The actress talks with THR about processing grief, Toby's grand gestures and what to expect from Sterling K. Brown in the Randall-focused episode.

[Warning: This story contains spoilers from the "Number Two" episode of NBC's This Is Us.]

At the end of the first in a trilogy of This Is Us episodes centering on each of the Pearson family Big Three, Randall (Sterling K. Brown) delivered some horrible news to a spiraling Kevin (Justin Hartley): their sister, Kate (Chrissy Metz), had lost her baby. The second episode, Tuesday's "Number Two," followed Kate through the same day Kevin experienced, including the devastating moment in which she miscarried her child.

"This is like next-level heartache," Metz told The Hollywood Reporter of her character's latest emotional hurdle. "There is such a stigma and such shame around miscarriage. One in five women will have a miscarriage. How is it great to talk about something that people are really afraid to talk about that we never do? How do we bring it up? Where do you bring it up? It's hard to process."

While Kate at first feels like she's experiencing the tragedy alone, she soon realizes — thanks to an emotional confrontation with her mother Rebecca (Mandy Moore) — that her fiancé Toby (Chris Sullivan) is hurting, too.

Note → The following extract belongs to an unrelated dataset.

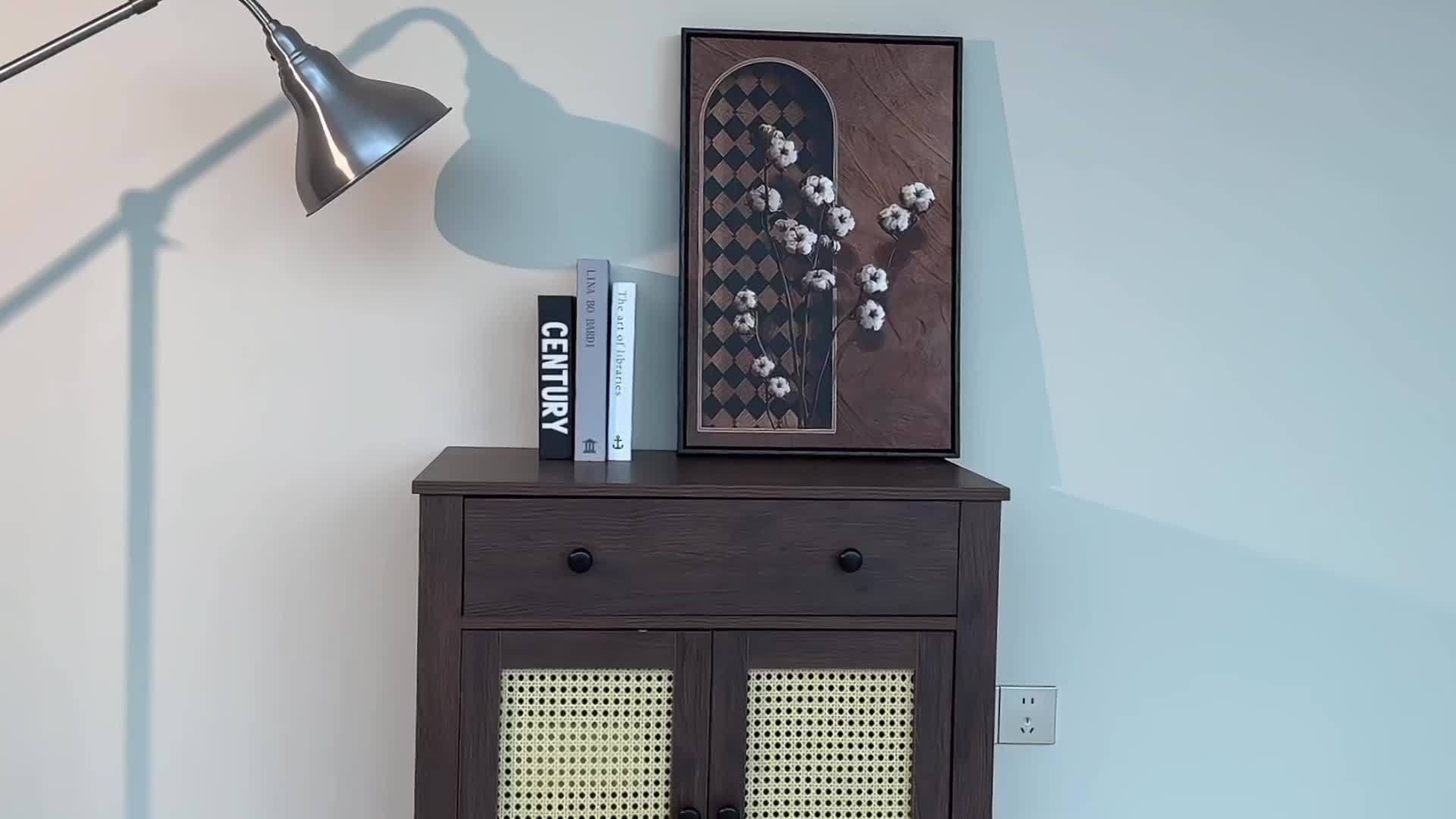 Rattan Nightstand Mid Century Modern Nightstand With Rattan Decorated Door And Adjustable Shelf Bedside Storage End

"She feels like she's going through this alone, because how could Toby possibly understand? [But she finally realizes] that, yes, he's not carrying the baby, but he also has to process it in his own way," Metz says. "Just coming to terms with actually having a miscarriage, the hormonal imbalances. Your body still thinks that you're pregnant. There's so much going on physically, and that affects you mentally and emotionally. And then when she finally realizes that she has to process the feelings as opposed to eat over them at the Chinese buffet. It's scary, uncharted territory, and I think she's afraid that she doesn't know what means for the relationship."

The moment between Metz and Moore is the most emotional scene the two have shared on the Dan Fogelman-created drama thus far, and Metz said that their characters' conversation will have lasting healing effects.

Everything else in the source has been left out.